No português coloquial de Angola, nascer tem o sentido de «dar à luz» – como se ilustra nesta crónica do autor, publicada no semanário Nova Gazeta de 24/12/2013.
No trânsito, na rua ‘cónego Manuel das Neves’, ao São Paulo [em Luanda], naquele ritmo “a conta-gotas” a que os carros se moviam, era possível ouvir conversas inteiras de senhoras que por aí vendem. Histórias engraçadas. Deu até tempo de comprar uma coca-cola a um rapaz que, em conversa com o seu colega zungueiro, disse: «A Mana Rosa estava grávida, mas já nasceu.» E o colega zungueiro: «Já sei. Nasceu ontem, gémeos.»

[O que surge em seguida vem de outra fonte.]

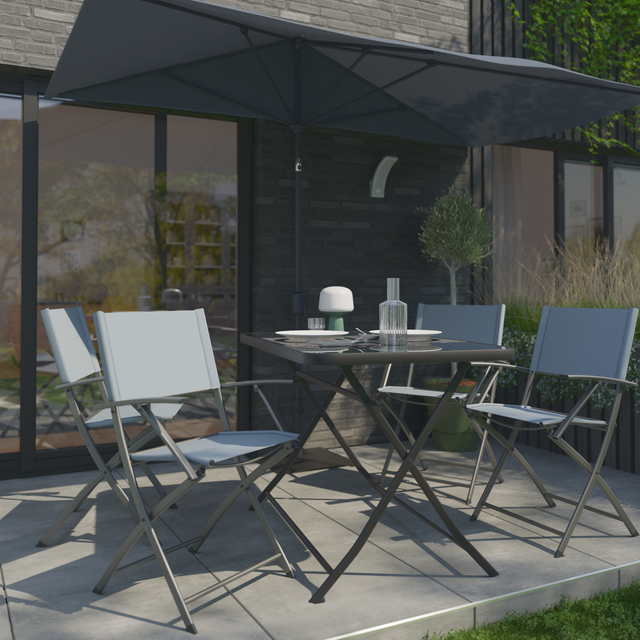 Conjunto de balcón terraza mesa plegable 70x70 + 2 sillas con brazos con  cojines - Java Light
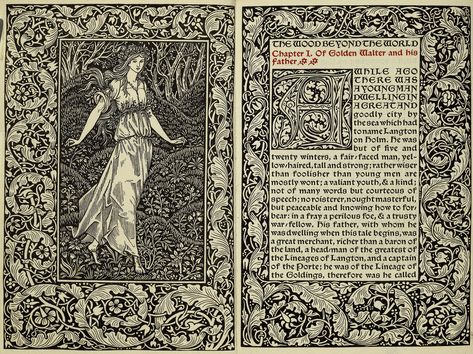 Reclaiming & Enlivening the Book | Cooper Hewitt, Smithsonian Design Museum Kelmscott Press, City By The Sea, Edward Burne Jones, Medieval Books, John Everett Millais, William Morris Art, Engraving Illustration, Fairytale Illustration, Wood Engraving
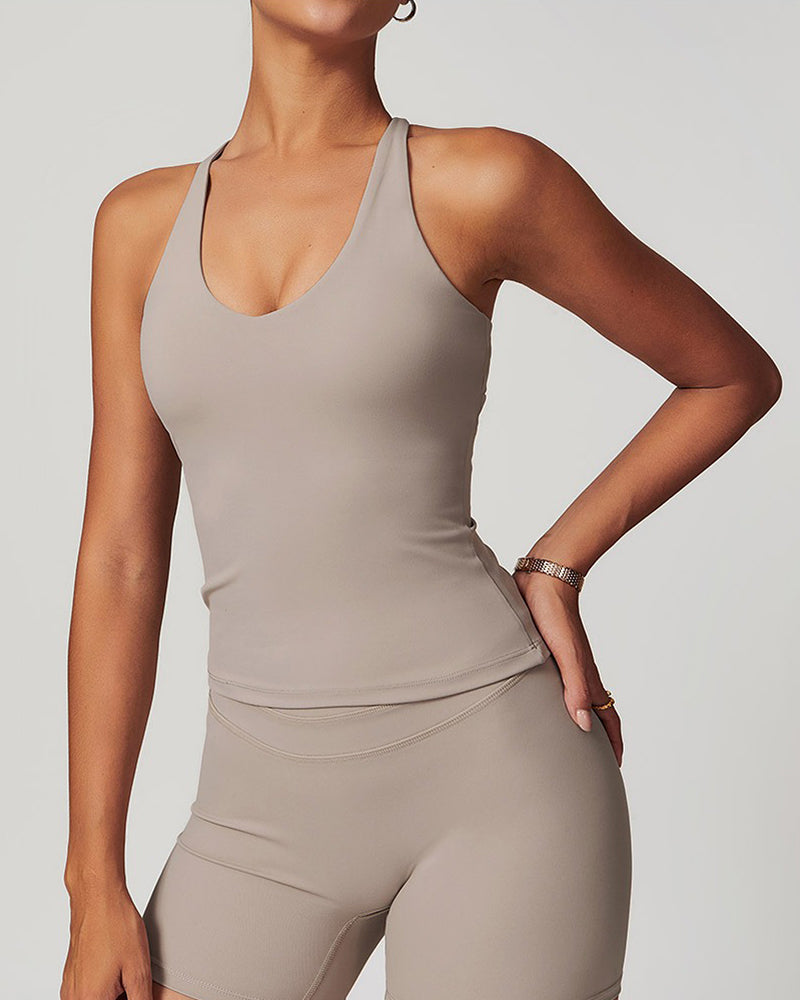 Tight-fitting brushed crossover gym tank top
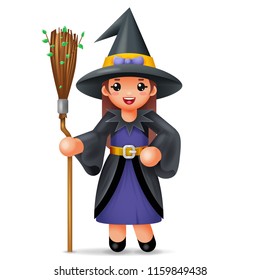 Cute witch costume halloween child girl masquerade party kid character flat 3d design vector illustration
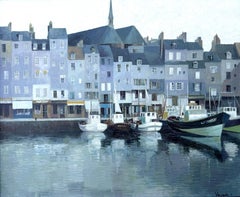 Honfleur Normandy Harbor Oil Painting with Boats and Historic Architecture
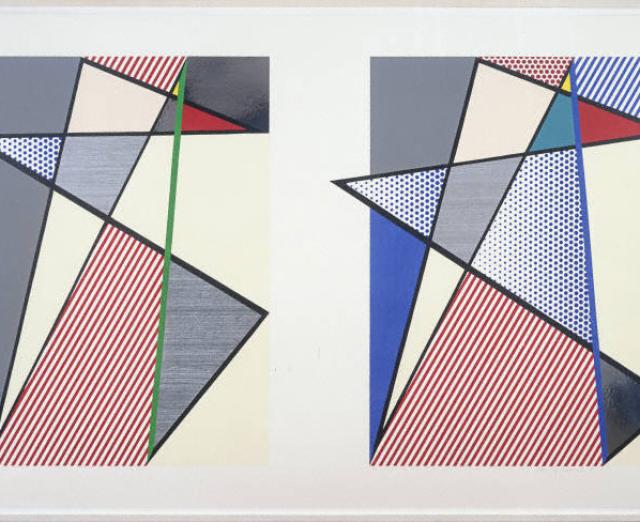 Roy Lichtenstein, Imperfect Diptych, 1988. Woodcut, screen print, and collage on museum board. Gift of Sidney Stolz and David Hatfield, 2009. 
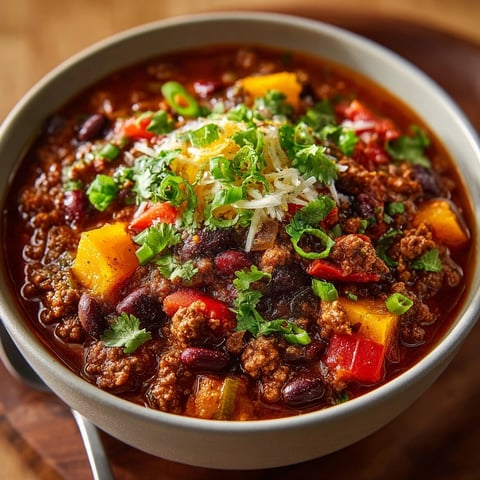 Close up of warm, savory Turkey Chili with Pumpkin, smelling richly spiced.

«Deve constituir um grande presente para os pais receber dois bebés quando só se esperava um», comentou um dos colegas no carro. Já o outro via a coisa de um modo diferente. «Nos nossos tempos, com as dificuldades por que muitas famílias passam, ter ‘um’ já é complicado, imaginem ‘dois’?!» O que me interessou, porém, não foram os pareceres dos meus “penduras”, mas sim a Mana Rosa e os gémeos.
Mas, afinal, quem nasceu? A mãe ou os gémeos? Nascer, nascemos todos. Todos os que vivem e os que já lá se foram nasceram numa data e num determinado local. Ou seja, nascer, para este caso, significa «iniciar a vida de modo autónomo, vir ao mundo». Isto significa que quem já existe não pode nascer de novo. A mulher, quando está grávida, espera «dar à luz» e, assim, nasce o bebé. Não se pode dizer a «Mana Rosa estava grávida, mas já nasceu». Porque, supostamente, a Mana Rosa nasceu no dia 14 de Fevereiro de 1974, em Catete. Mas os gémeos a quem ela deu à luz nasceram a 17 de Julho de 2013. Nascer é um verbo intransitivo, isto é, não pede complemento directo ou indirecto. Para completar a ideia, pode ser seguido da informação do local (complemento circunstancial de lugar), ou do tempo (complemento circunstancial de tempo).
Quando se pergunta «quando é que nasceste?» quer saber-se «quando é que vieste ao mundo». Se se quer saber de uma mulher que esteve grávida sobre a data em que gerou o seu filho, deve dizer-se «quando é que deste à luz?» ou «quando é que tiveste?». Ter pode significar também «dar à luz».
Deste modo, os meus amigos deveriam ter dito correctamente: «A Mana Rosa já teve/deu à luz”; e «já sei. Teve/deu à luz ontem, gémeos.»
[Outros textos de Edno Pimentel sobre o português de Angola]
in semanário Nova Gazeta de Luanda, publicado no dia 26 de dezembro de 2013 na coluna do autor, "Professor Ferrão". Manteve-se a grafia anterior ao Acordo Ortográfico, seguida ainda em Angola.